Community: Mitchel Troy (Llanfihangel Troddi)
Community: Mitchel Troy
Traditional County: Monmouthshire
A C14 church almost entirely rebuilt, and slightly enlarged, in the mid- to late C19: the tower by T.H.Wyatt in 1846; the S wall, porch and chancel, new windows in the N wall, and added N transept all by Richard Creed in 1887-8.
A very attractively sited parish church of modest proportions which, although now mostly of C19 construction, retains something of its irregular medieval character. Built of sandstone and conglomerate ("pudding-stone") rubble brought to courses, except the tower which is regularly-coursed; with freestone dressings and graduated stone slate roofs. It consists of a relatively low nave with a S porch and an added transept to the E end of its N side; a lower chancel; and a 3-stage W tower.

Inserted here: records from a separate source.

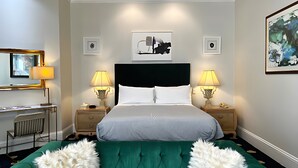 Et hotelværelse med en stor seng, to sengeborde med lamper, et skrivebord med stol, et spejl og kunst på væggene.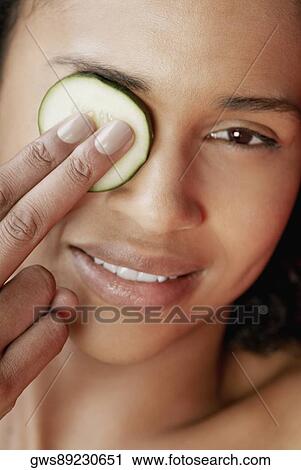Close-up of a young woman with a cucumber slice on her eye View Large Photo Image Stock Image - Close-up of a young woman with a cucumber slice on her eye. Fotosearch
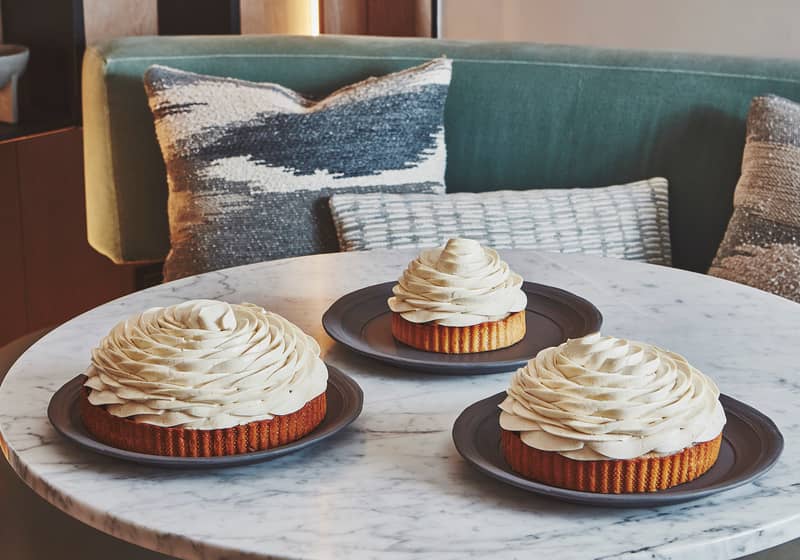 Cedric Grolet cakes sitting on a marbe table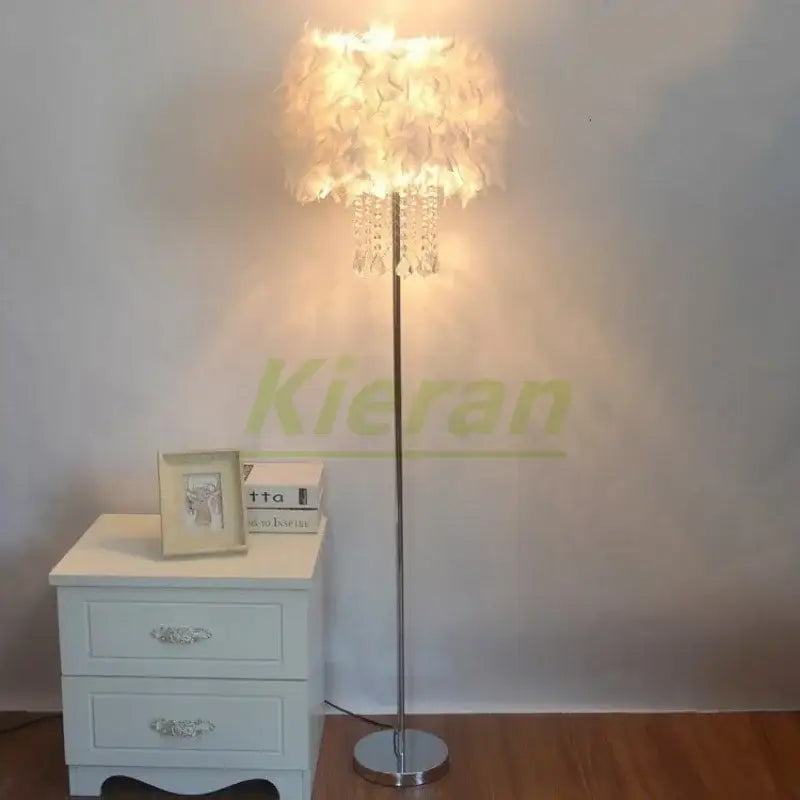 A tall slender floor lamp with white feathered shade and dangling crystal accents decorbites crystal led feather design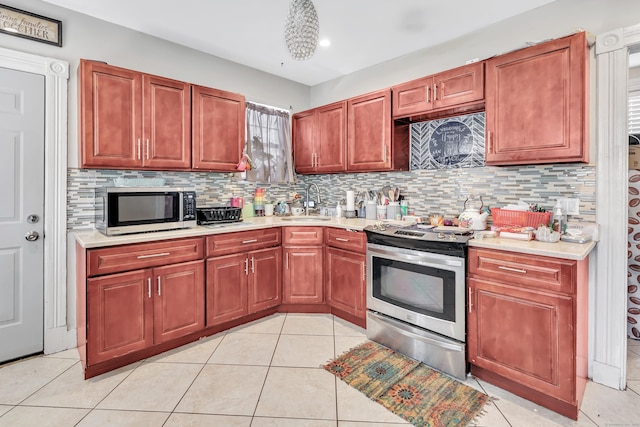 18 Morningside Ave, Waterbury, CT 06708 - kitchen featuring appliances with stainless steel finishes, light countertops, backsplash, light tile patterned floors, and recessed lighting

This has diagonal buttresses, a cornice with sunk moulding, and stepped battlements; a large 2-centred arched and double-chamfered W doorway with a hollow-moulded hoodmould; a trefoil-headed 1-light window to the 2nd stage; and a slightly set-back belfry stage defined by string-courses, with a 2-centred arched belfry window of 2 trefoil lights with a quatrefoil in the head. The S side has a square-headed window of 2 trefoil lights to the 1st stage, but is otherwise the same; and the N and E sides have only cusped lancet belfry windows.
The nave has on its S side a Victorian gabled porch with medieval-style timber-framed superstructure including arch-bracing to a brattished tie-beam; cusped bargeboarding; and a 2-centred arched inner doorway. To the left is a 1-light window with Perpendicular tracery; to the right, a small 2-centred arched window of 2 trefoil lights with a quatrefoil in the head; further right, a large square-headed 3-light window with cusped ogee-headed lights and shallow Perpendicular-style tracery in the head; and at a high level to the right of this is a very small cusped-ogee arched window (reproducing the lighting of a former rood loft). The chancel has a C19 2-centred arched priest door and a window of 2 trefoil lights; and a large 3-light E window with tracery.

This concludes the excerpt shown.